Imports & Constants

In [1]:
import requests
import csv
import json
from typing import Any, Dict, List, Tuple

# Constants
DEFAULT_ENDPOINT = "https://overpass-api.de/api/interpreter"
USER_AGENT = "BerlinDentistsFetcher/1.0 (jaywindie1@gmail.com)" 
OVERPASS_QUERY = """
[out:json][timeout:60];
area["name"="Berlin"]["admin_level"="4"]->.berlin;
(
  node["healthcare"="dentist"](area.berlin);
  way["healthcare"="dentist"](area.berlin);
  relation["healthcare"="dentist"](area.berlin);
);
out center;
"""


Fetch Data from Overpass API

In [2]:
def fetch_overpass(query: str, endpoint: str = DEFAULT_ENDPOINT) -> Dict[str, Any]:
    headers = {"User-Agent": USER_AGENT}
    response = requests.post(endpoint, data={"data": query}, headers=headers)
    response.raise_for_status()
    return response.json()

# Test fetch (small run)
data = fetch_overpass(OVERPASS_QUERY)
print(f"Retrieved {len(data.get('elements', []))} elements.")

Retrieved 781 elements.


Normalize Elements (Flatten Into Rows)

In [3]:
def normalize_element(e: Dict[str, Any]) -> Dict[str, Any]:
    tags = e.get("tags", {})
    # Some elements are 'node', some are 'way' or 'relation' with a 'center'
    lat = e.get("lat") or (e.get("center", {}).get("lat") if "center" in e else None)
    lon = e.get("lon") or (e.get("center", {}).get("lon") if "center" in e else None)
    
    return {
        "osm_type": e.get("type"),
        "osm_id": e.get("id"),
        "name": tags.get("name"),
        "addr_street": tags.get("addr:street"),
        "addr_housenumber": tags.get("addr:housenumber"),
        "addr_postcode": tags.get("addr:postcode"),
        "addr_city": tags.get("addr:city"),
        "opening_hours": tags.get("opening_hours"),
        "wheelchair": tags.get("wheelchair"),
        "phone": tags.get("phone"),
        "email": tags.get("email"),
        "website": tags.get("website"),
        "lat": lat,
        "lon": lon,
    }

# Normalize some elements
elements = data.get("elements", [])
rows = [normalize_element(e) for e in elements]
print(f"Normalized {len(rows)} elements. Example:\n", rows[0] if rows else "No data")

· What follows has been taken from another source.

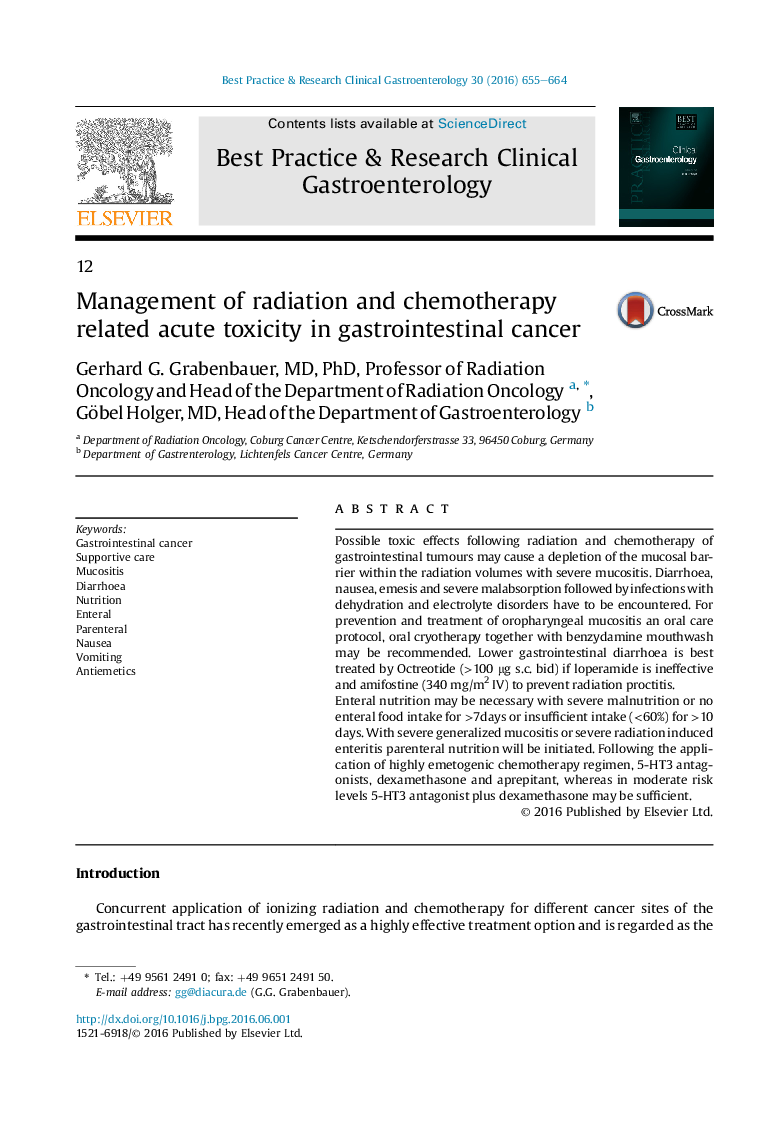 Management of radiation and chemotherapy related acute toxicity in gastrointestinal cancer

Normalized 781 elements. Example:
 {'osm_type': 'node', 'osm_id': 304183504, 'name': None, 'addr_street': 'Hönower Straße', 'addr_housenumber': '75', 'addr_postcode': '12623', 'addr_city': 'Berlin', 'opening_hours': None, 'wheelchair': None, 'phone': None, 'email': None, 'website': None, 'lat': 52.5114112, 'lon': 13.612096}


Convert to GeoJSON

In [4]:
def elements_to_geojson(elements: List[Dict[str, Any]]) -> Dict[str, Any]:
    features = []
    for e in elements:
        tags = e.get("tags", {})
        lat = e.get("lat") or (e.get("center", {}).get("lat") if "center" in e else None)
        lon = e.get("lon") or (e.get("center", {}).get("lon") if "center" in e else None)
        if lat is None or lon is None:
            continue
        features.append({
            "type": "Feature",
            "geometry": {"type": "Point", "coordinates": [lon, lat]},
            "properties": {
                "osm_type": e.get("type"),
                "osm_id": e.get("id"),
                **tags
            }
        })
    return {"type": "FeatureCollection", "features": features}

geojson = elements_to_geojson(elements)
print(f"GeoJSON with {len(geojson['features'])} features created.")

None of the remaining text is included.